■ **Brief**: Once the line holding "Russian President Vladimir" is found, output it and all remaining lines of the data exactly, with every picture left out.

■ **Supplied data**:
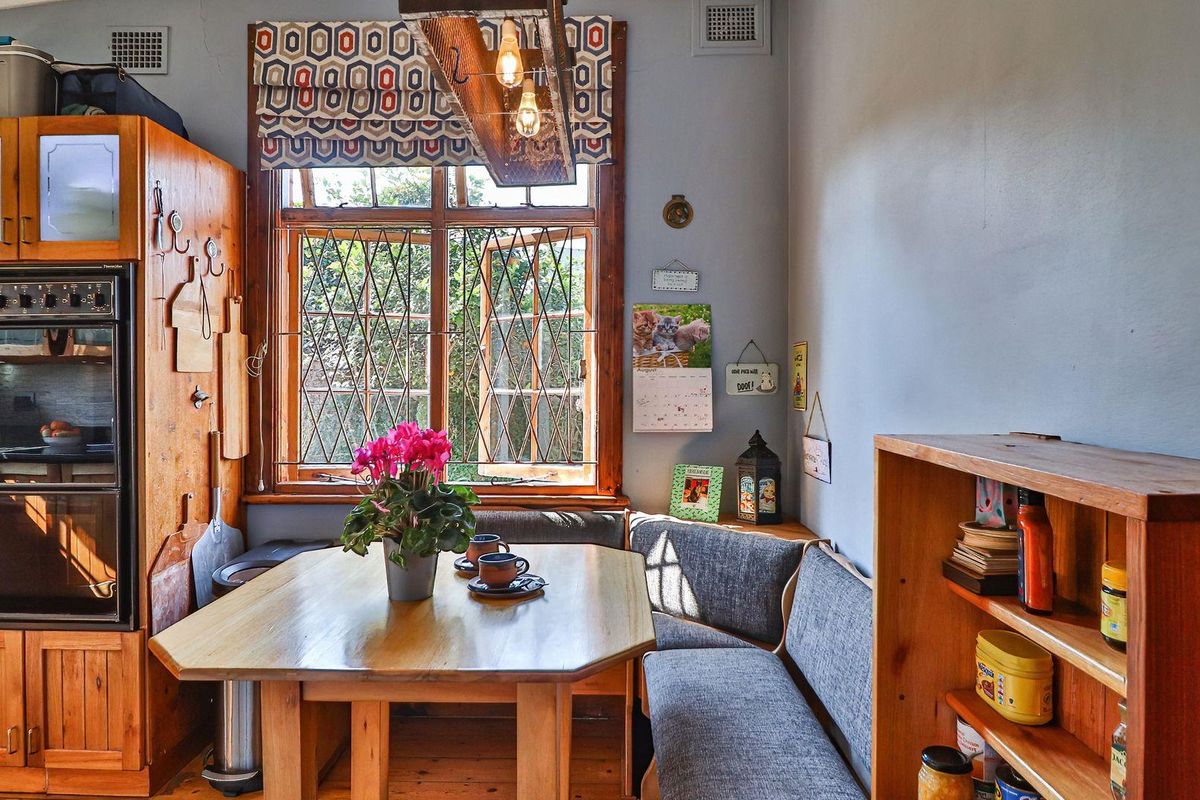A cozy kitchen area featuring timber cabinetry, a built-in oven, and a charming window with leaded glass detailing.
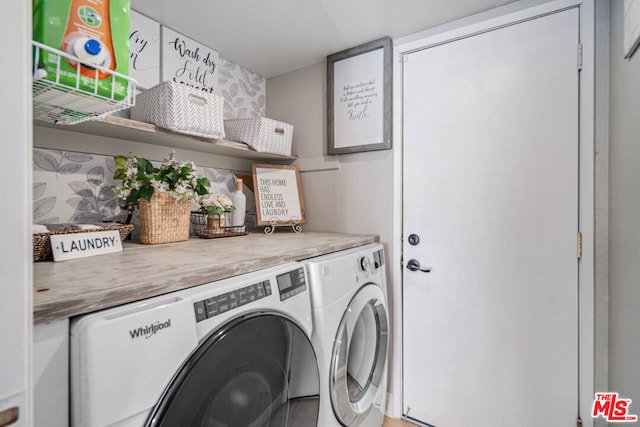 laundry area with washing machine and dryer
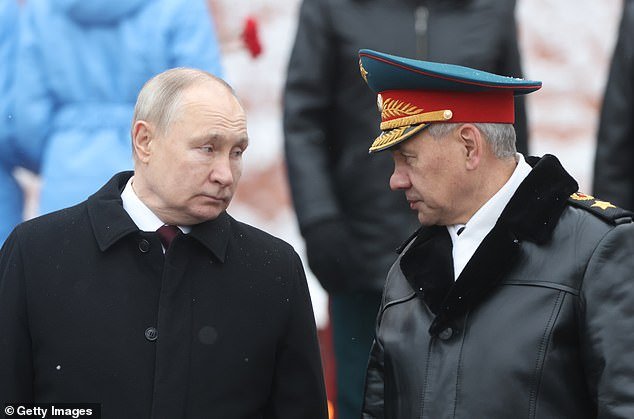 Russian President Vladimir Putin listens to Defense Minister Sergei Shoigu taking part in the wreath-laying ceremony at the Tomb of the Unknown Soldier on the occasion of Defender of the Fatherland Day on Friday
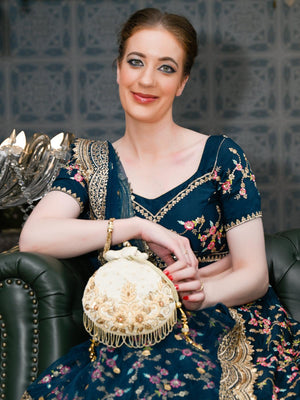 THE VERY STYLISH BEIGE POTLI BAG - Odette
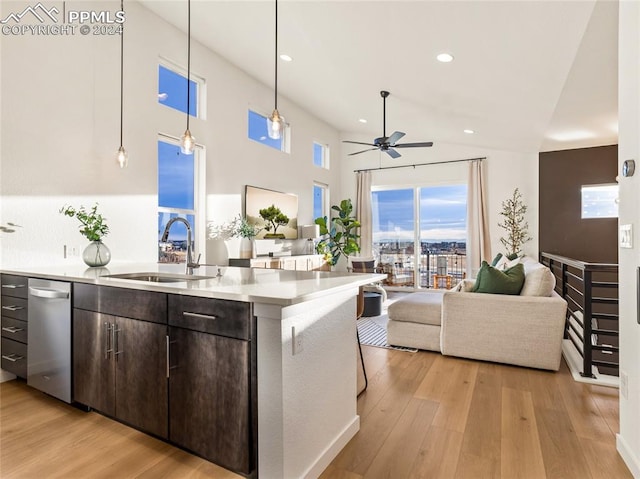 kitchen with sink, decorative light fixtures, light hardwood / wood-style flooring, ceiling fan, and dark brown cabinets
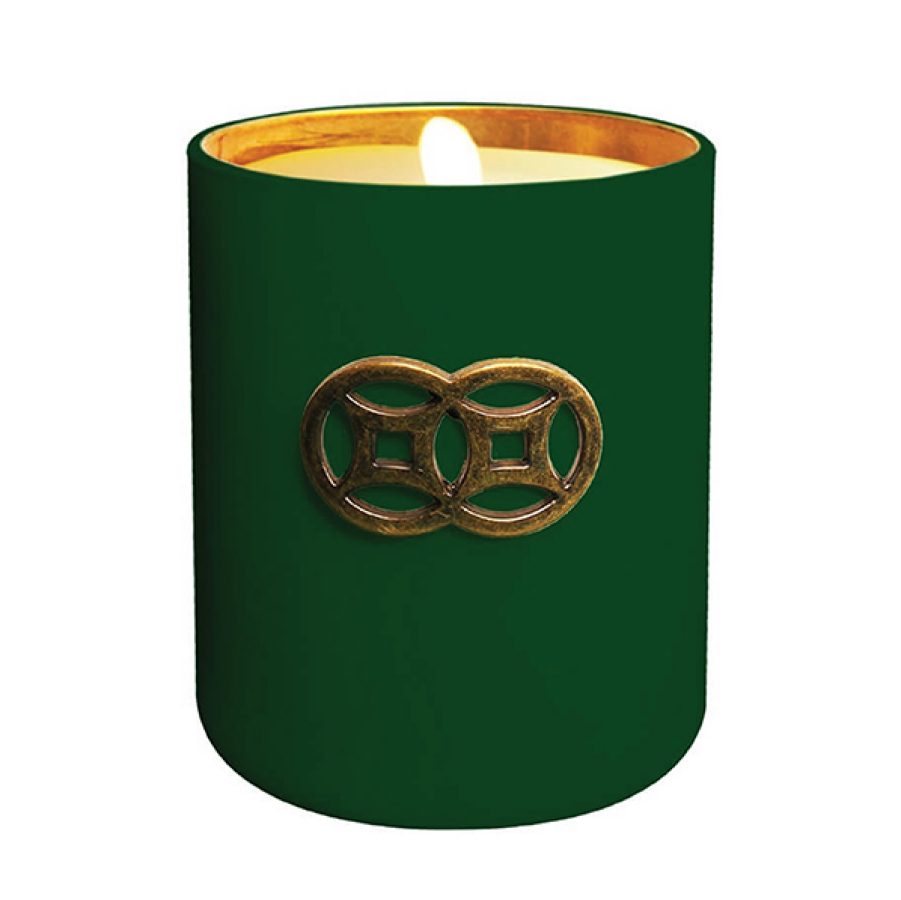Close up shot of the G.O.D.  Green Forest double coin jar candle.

■ **Problem solution**:
 Russian President Vladimir Putin listens to Defense Minister Sergei Shoigu taking part in the wreath-laying ceremony at the Tomb of the Unknown Soldier on the occasion of Defender of the Fatherland Day on Friday
 THE VERY STYLISH BEIGE POTLI BAG - Odette
 kitchen with sink, decorative light fixtures, light hardwood / wood-style flooring, ceiling fan, and dark brown cabinets
Close up shot of the G.O.D.  Green Forest double coin jar candle.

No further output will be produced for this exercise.